• _WHAT IS BEING ASKED_:
The result should be the listing below restated word for word, with images left out.

• _SUPPLIED MATERIAL_:
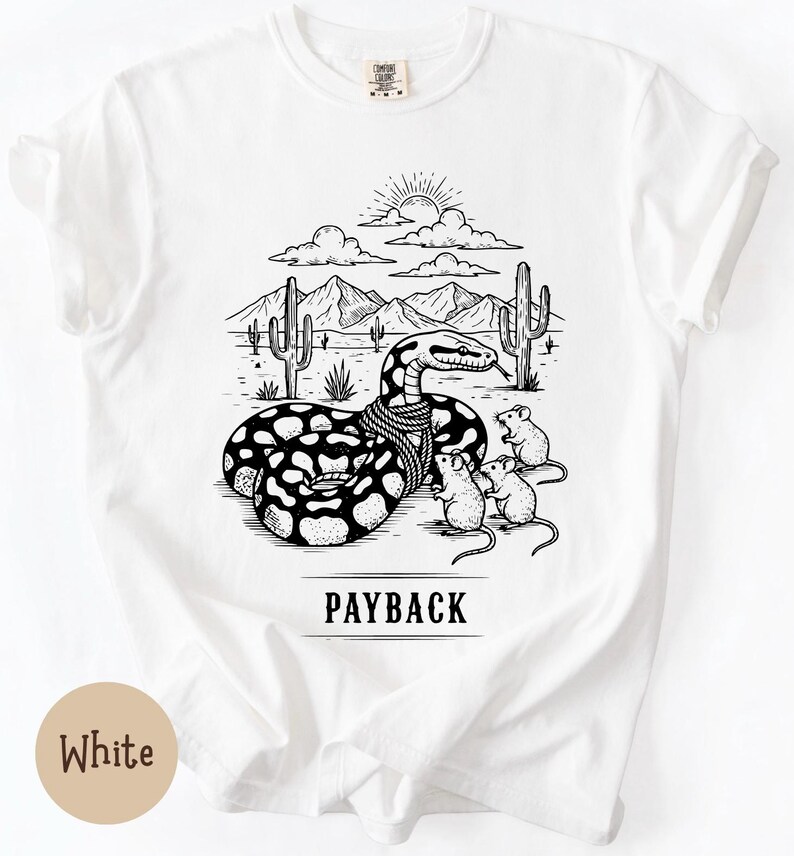 May include: White t-shirt featuring a black and white illustration of a snake with a scarf, mice, and a desert scene. The text "PAYBACK" is printed below the image. The shirt is made of a soft material.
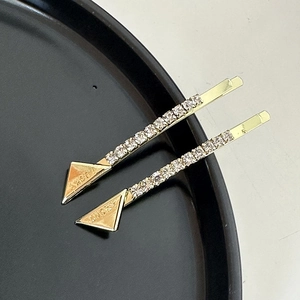 Detail of gold lucky triangle hair pins with rhinestones on a black plate surface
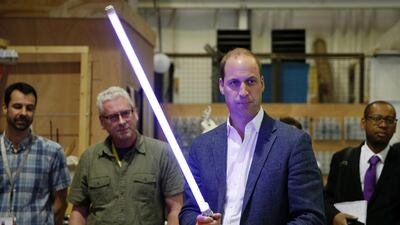 The Duke of Cambridge, Prince William holds a light sabre during a visit to the Star Wars film set on April 19, 2016. Courtesy Adrian Dennis/AFP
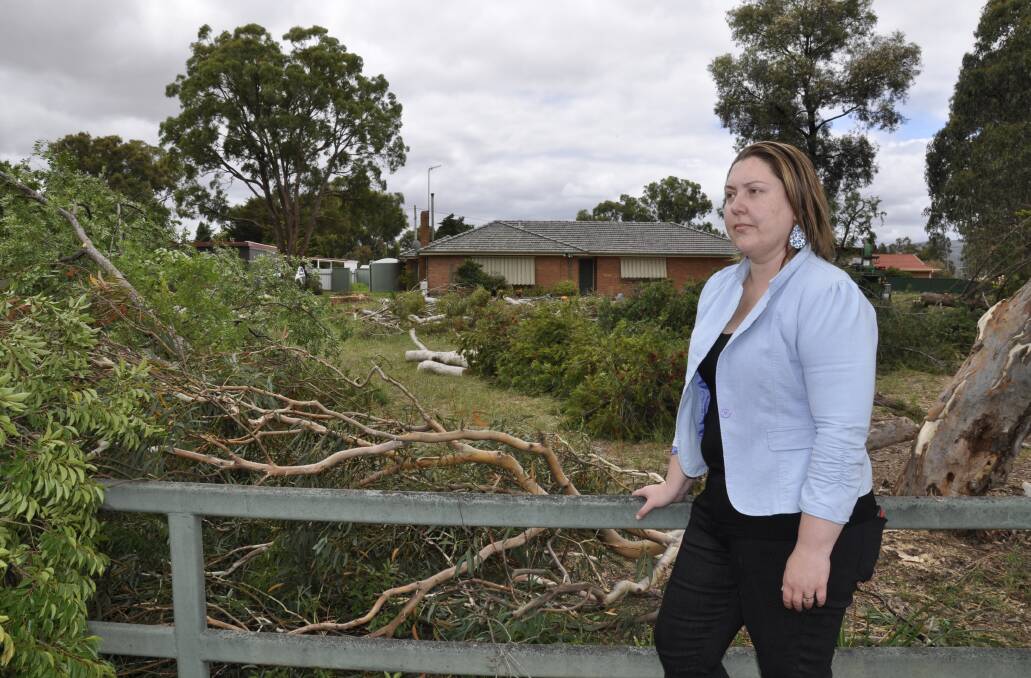 'LOCKED OUT:' Natalie Gordon watched as trees were removed from her late grandparents' Rex Street property on Monday to make way for eight multi-units. She says the community must be given greater say in the complying development process. Photo: Louise Thrower.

• _THE ANSWER_:
 May include: White t-shirt featuring a black and white illustration of a snake with a scarf, mice, and a desert scene. The text "PAYBACK" is printed below the image. The shirt is made of a soft material.
 Detail of gold lucky triangle hair pins with rhinestones on a black plate surface
 The Duke of Cambridge, Prince William holds a light sabre during a visit to the Star Wars film set on April 19, 2016. Courtesy Adrian Dennis/AFP
 'LOCKED OUT:' Natalie Gordon watched as trees were removed from her late grandparents' Rex Street property on Monday to make way for eight multi-units. She says the community must be given greater say in the complying development process. Photo: Louise Thrower.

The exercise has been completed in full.